---------- Dataset records

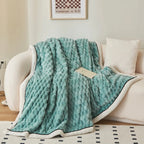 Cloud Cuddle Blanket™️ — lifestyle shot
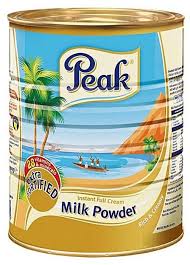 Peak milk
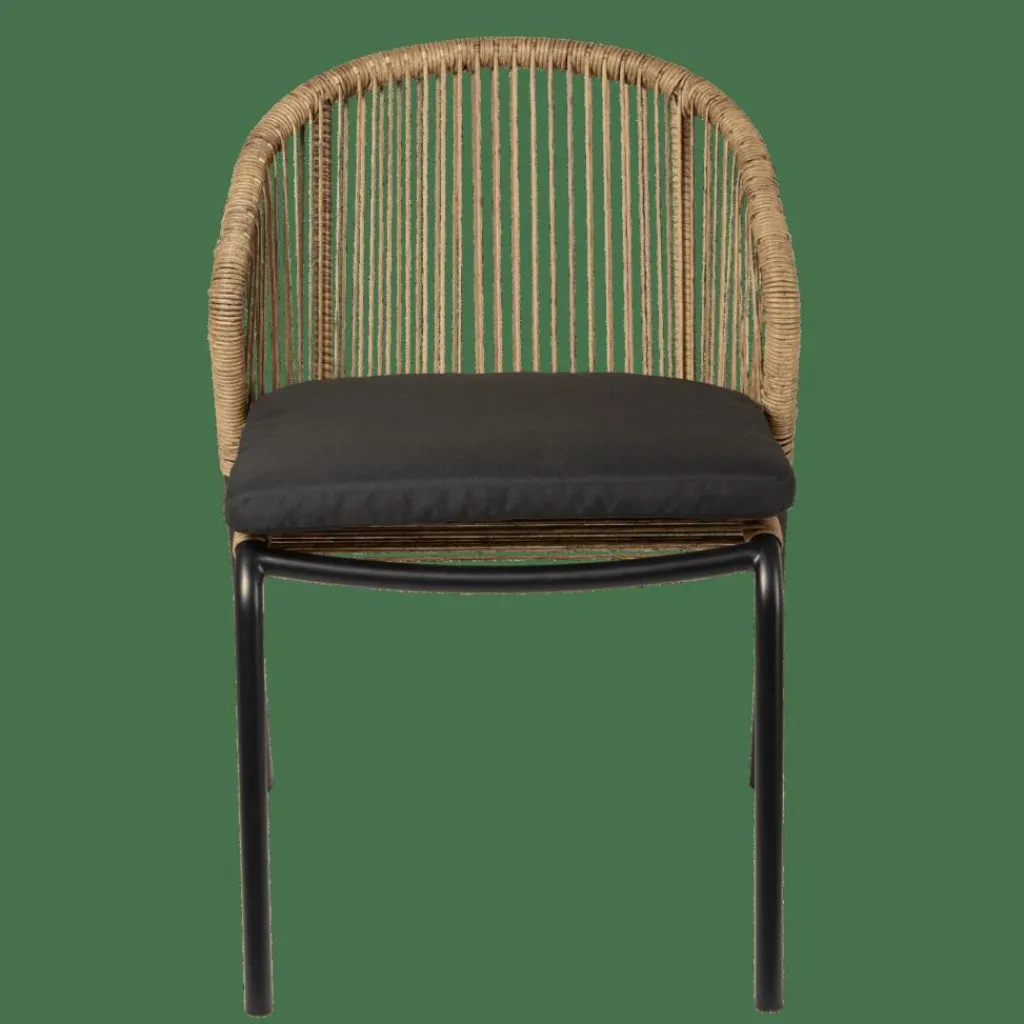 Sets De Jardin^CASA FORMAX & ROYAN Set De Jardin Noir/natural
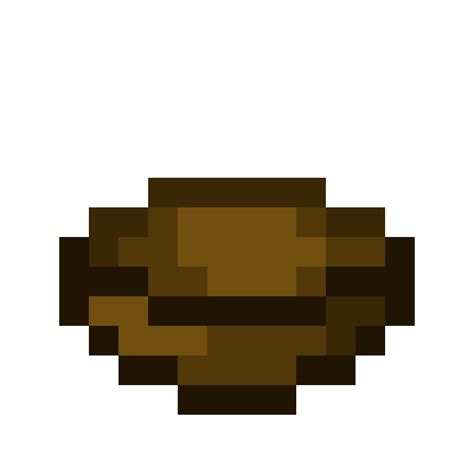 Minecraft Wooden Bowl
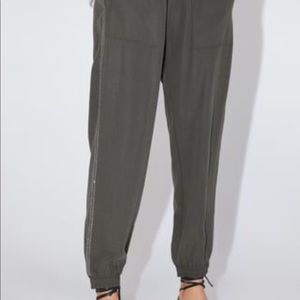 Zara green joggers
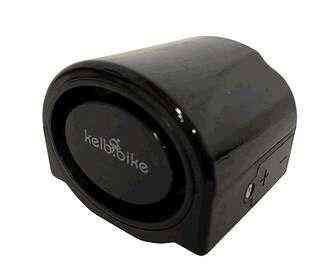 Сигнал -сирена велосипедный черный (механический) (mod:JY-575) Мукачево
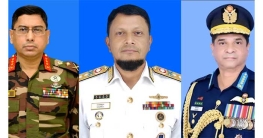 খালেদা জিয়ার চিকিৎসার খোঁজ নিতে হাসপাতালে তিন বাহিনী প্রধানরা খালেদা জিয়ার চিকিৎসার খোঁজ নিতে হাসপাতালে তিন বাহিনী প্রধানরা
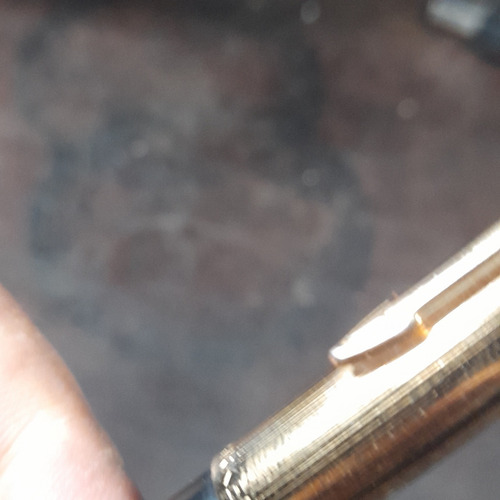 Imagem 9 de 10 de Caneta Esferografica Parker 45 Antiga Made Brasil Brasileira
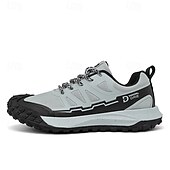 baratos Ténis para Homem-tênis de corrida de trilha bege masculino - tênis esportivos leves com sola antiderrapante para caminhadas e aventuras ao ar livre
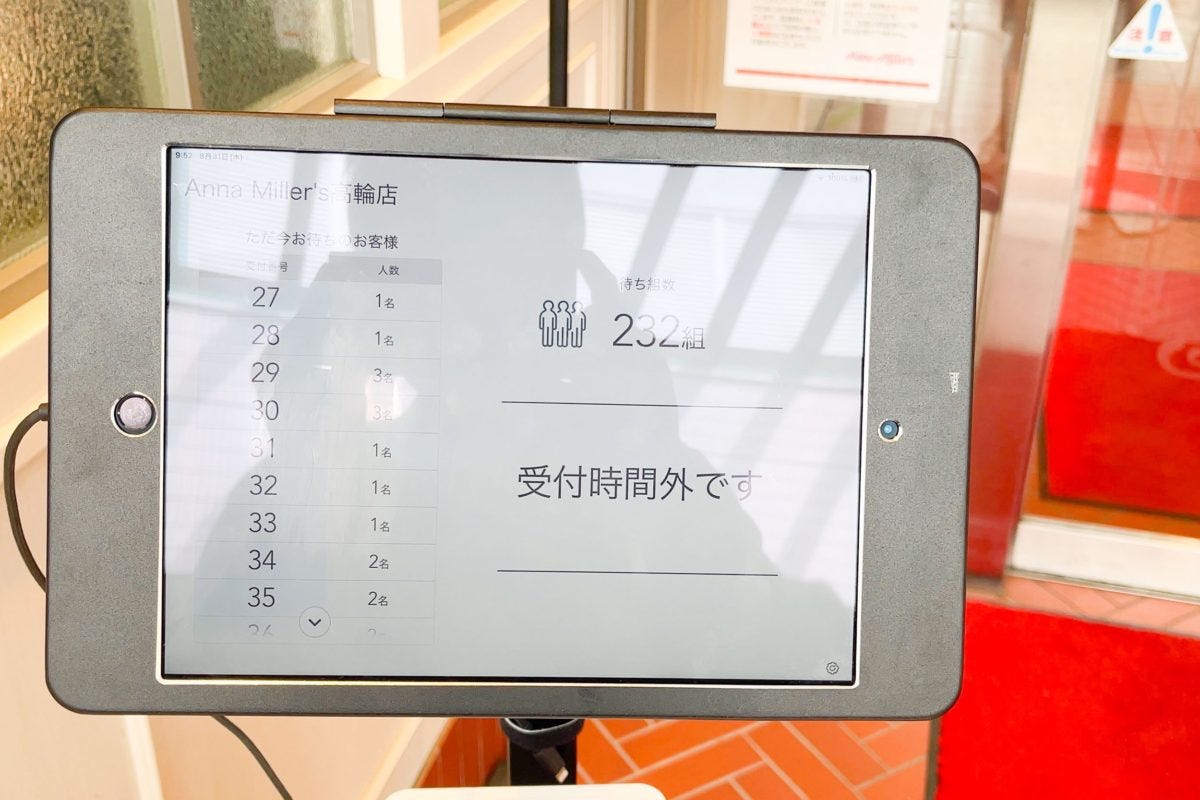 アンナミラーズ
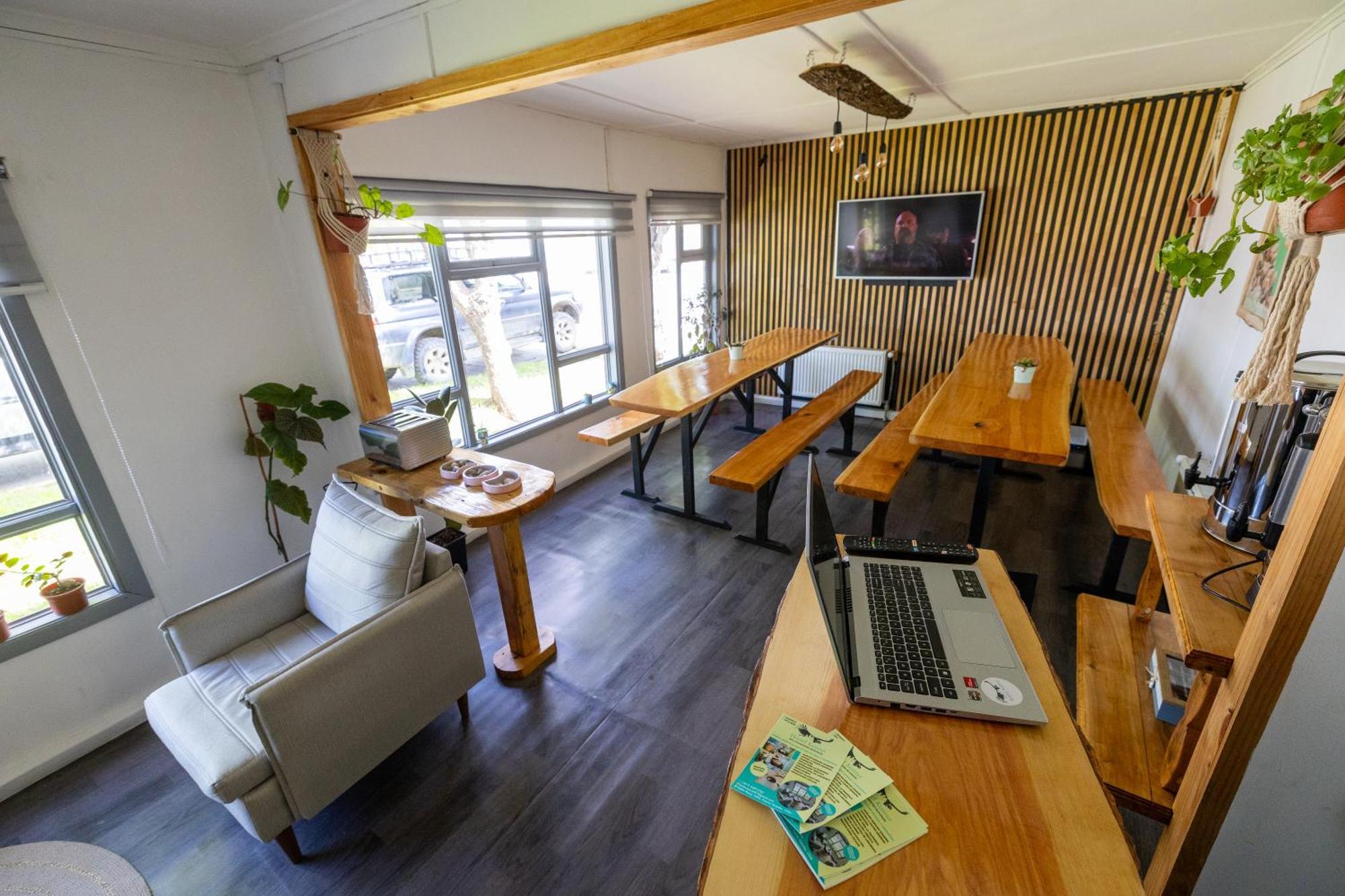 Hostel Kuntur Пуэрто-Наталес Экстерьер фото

--------------------

Exercise prompt: The lines from the one containing "বাহিনী প্রধানরা খালেদা" through the final line of the data are to be repeated exactly, with both ends included and all pictures left out.

Task result:
 খালেদা জিয়ার চিকিৎসার খোঁজ নিতে হাসপাতালে তিন বাহিনী প্রধানরা খালেদা জিয়ার চিকিৎসার খোঁজ নিতে হাসপাতালে তিন বাহিনী প্রধানরা
 Imagem 9 de 10 de Caneta Esferografica Parker 45 Antiga Made Brasil Brasileira
 baratos Ténis para Homem-tênis de corrida de trilha bege masculino - tênis esportivos leves com sola antiderrapante para caminhadas e aventuras ao ar livre
 アンナミラーズ
 Hostel Kuntur Пуэрто-Наталес Экстерьер фото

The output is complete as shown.